Testo: Luciano Gadenz - Guida Alpina
Nell’antologia di arrampicate “Le Dolomiti Occidentali” di Gino Buscaini e Silvia Metzeltin (Zanichelli, 1988), introducendo il Sass Maor, si accenna a un incontro molto interessante tra Silvio Saglio e un pastore di Tonadico.
Silvio Saglio (Novara 1896 – Milano 1964), alpinista e scrittore, salì a recuperare gli scarponi di Ettore Castiglioni e Bruno Detassis che stavano aprendo una nuova e impegnativa salita sullo spigolo sud – est del Sass Maor il 26 luglio del 1934.
Castiglioni considererà questa prima ascensione tra le più significative della sua copiosa attività alpinistica, perché superò come primo di cordata il tratto iniziale più impegnativo con difficoltà di 6° grado.

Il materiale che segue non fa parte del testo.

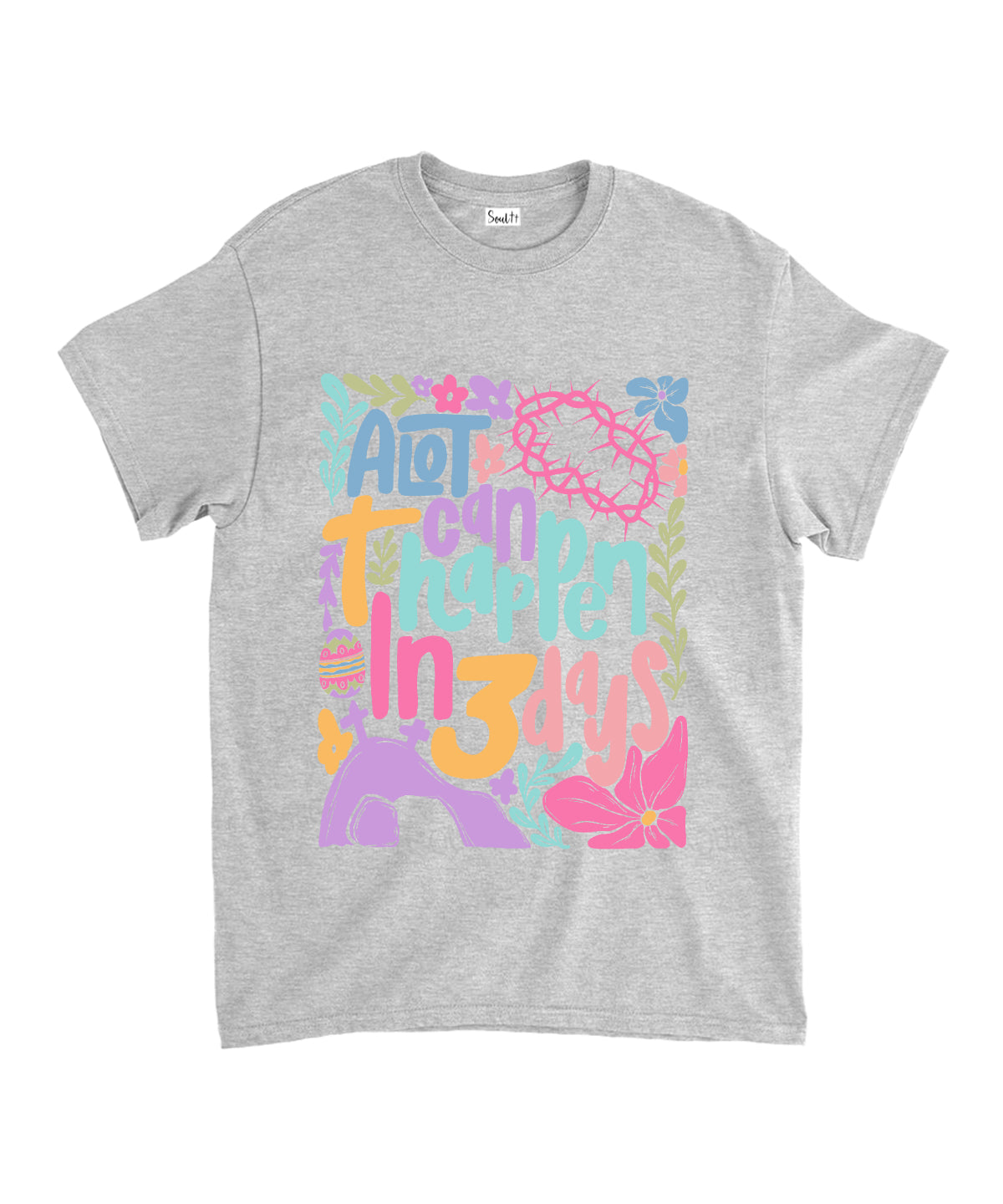 A Lot Can Happen In 3 Day Unisex Cotton Christian T-Shirt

Dal suo diario: “Avevo sempre dichiarato che il 6° grado non era per me: ritenevo che solo una grandissima ambizione potesse far superare il rischio e lo sforzo estremo, neppure compensato dal godimento spirituale e fisico della conquista, nell’esasperazione dello sforzo. Invece no: una lunga preparazione fisica, e soprattutto morale, e una perfetta solidarietà della cordata, mi hanno permesso di arrivare anche al limite estremo, senza arrivare al mio stile di assoluta sicurezza, senza compromettere il godimento della conquista nell’atto stesso dell’ascendere, non solo come soddisfazione posteriore.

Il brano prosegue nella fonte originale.